JOHANNESBURG - Although the cost of living is rising, many South Africans have kept their quality of living much the same as before. Where is the money coming from?
South Africans are combating the high cost of living with loans, credit cards and store cards to make ends meet. This can result in psychological pressure. There are many factors contributing to depression. It can be biological, hormonal, genetic or attributed to medical illness or recreational drugs or medication.
Numerous studies have also linked psychosocial factors with depression, including stress related to major life events such as the loss of a loved one, troubles with family, or financial concerns.
Research has shown that financial instability can not only lead to depression but can further negatively affect the economy as a result.
South African debt review and counselling company DebtSafe conducted a “wellness survey” on the health and habits of over 2000 people.

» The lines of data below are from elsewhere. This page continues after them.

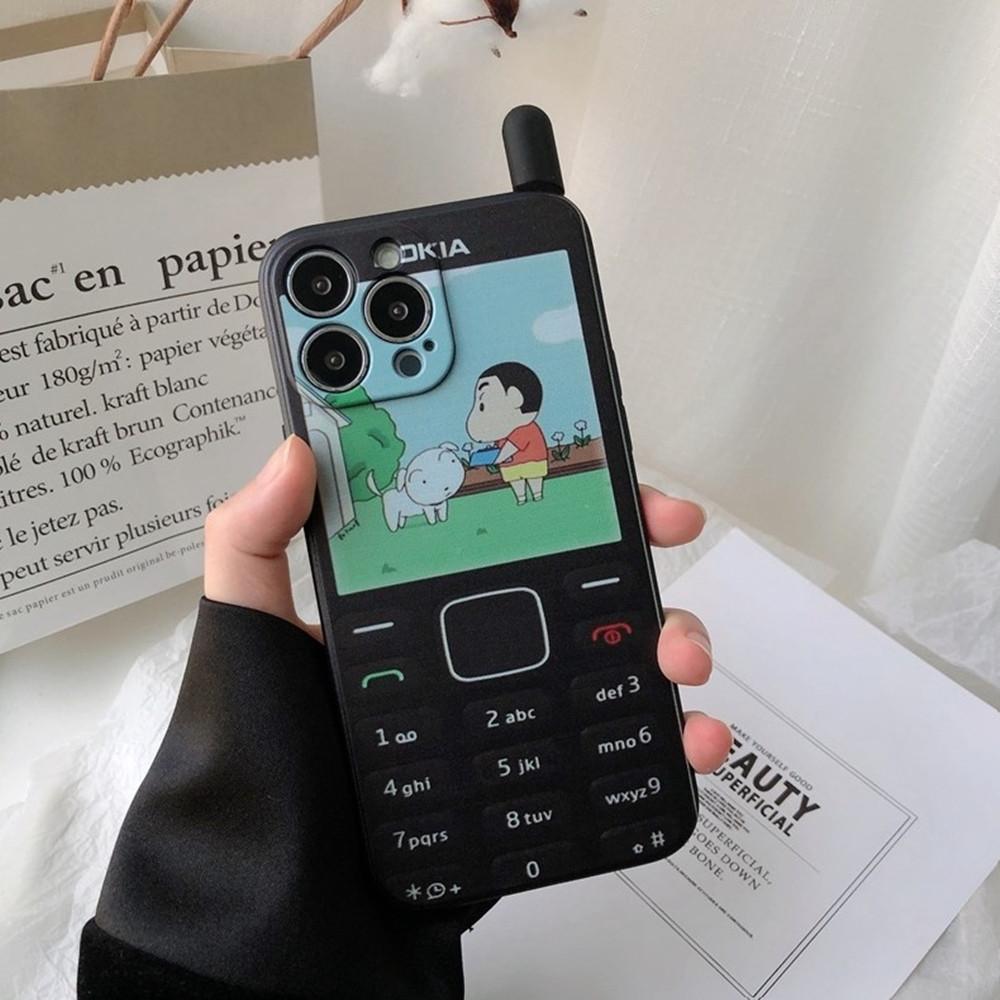 짱구 안테나 레트로 전화기 캐릭터 아이폰 미니 SE 케이스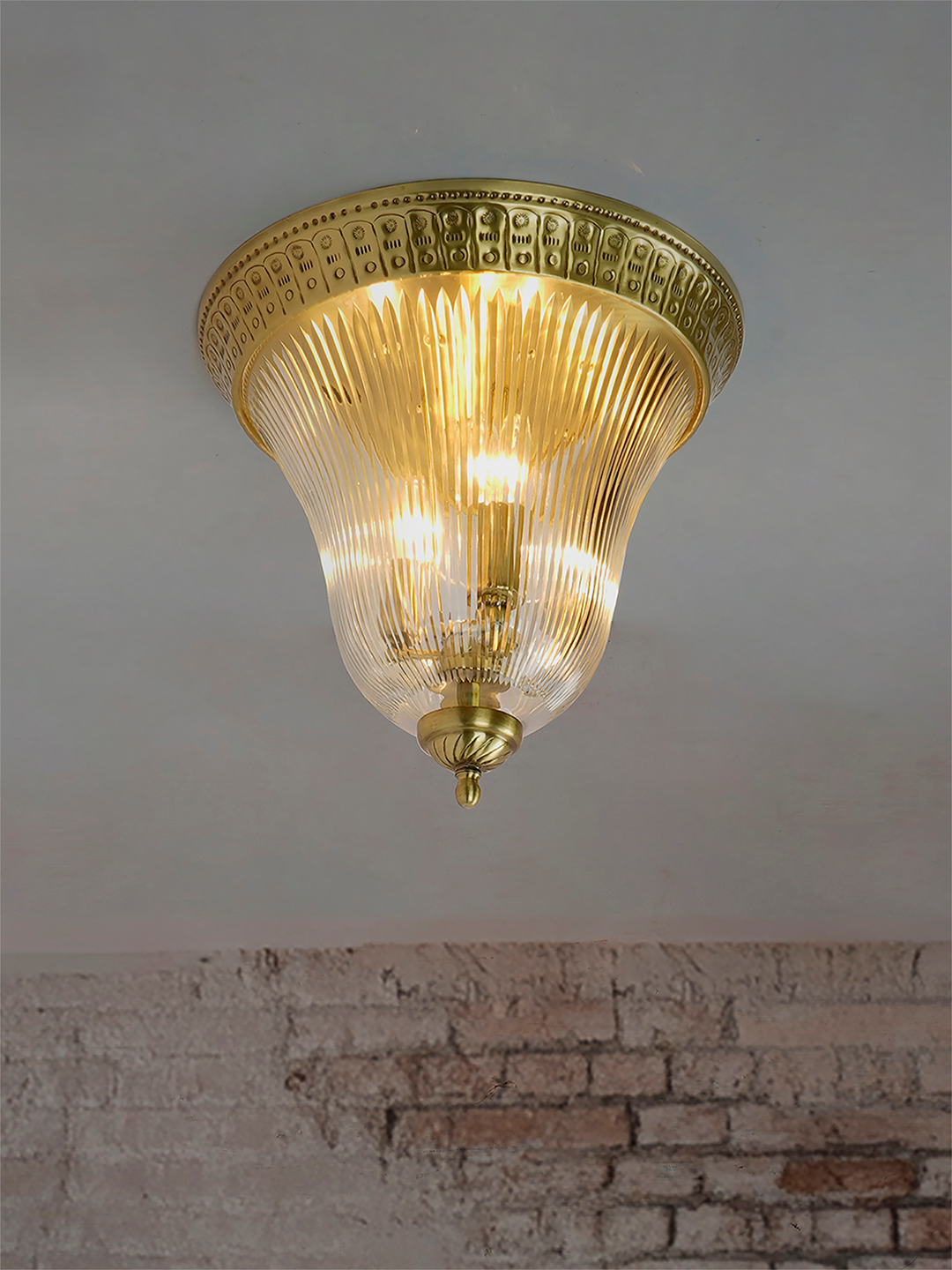 Flush Mount Glass Ceiling Light Brass Cut Glass Mini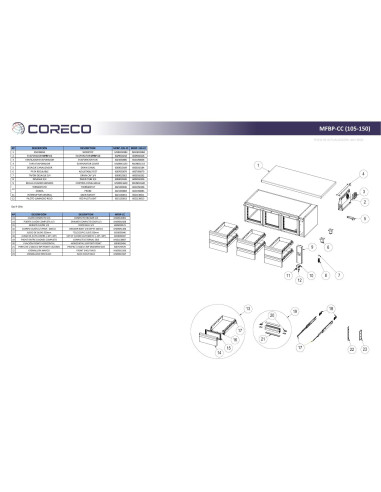 Pièces détachées CORECO MFBP-105-CC Annee 202004- 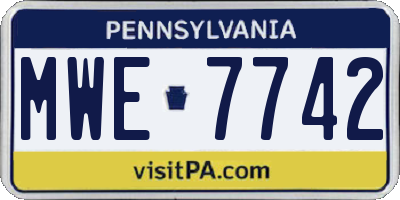 PA license plate MWE7742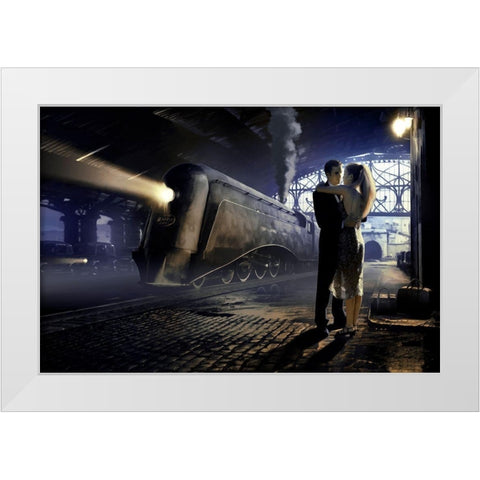 Train Depot White Modern Wood Framed Art Print by Consani, Chris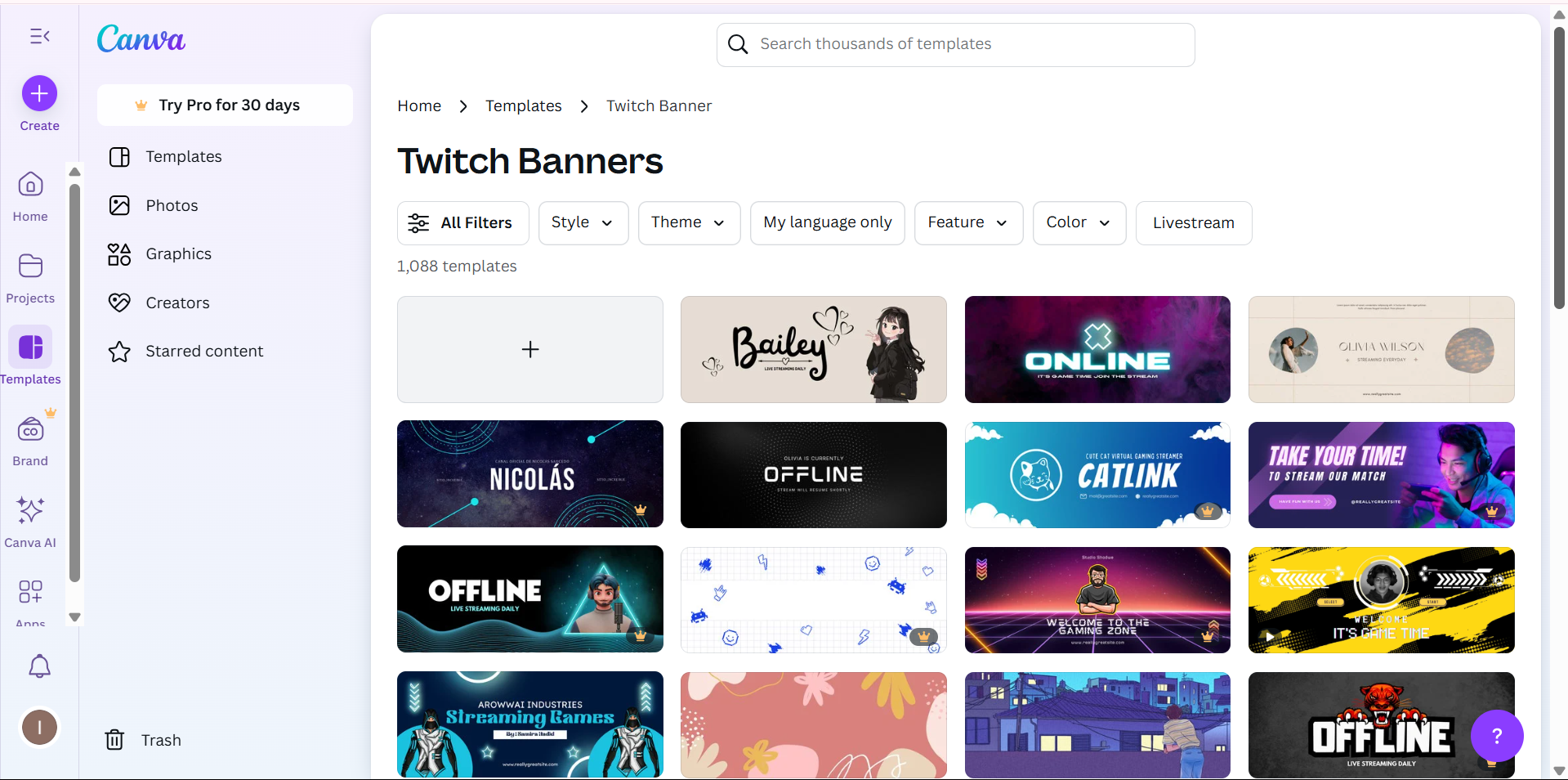 Canva - the popular platform to get Twitch banner templates for free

It found that 71 percent of people surveyed said financial stress influenced their overall health, 65 percent of people were more stressed as a result of money worries, and 87 percent of respondents said they felt “tired for no reason, worried and depressed” because of debt.
This month is Mental Health Awareness Month in South Africa. The focus is to educate people about mental health issues and “reduce the stigma and discrimination that people with mental illness are often subjected to”.
In South Africa, according to a study conducted by the London School of Economics and Political Science, depression costs the country more than R232billion due to unscheduled absences from work or presenteeism (working while unwell or distracted).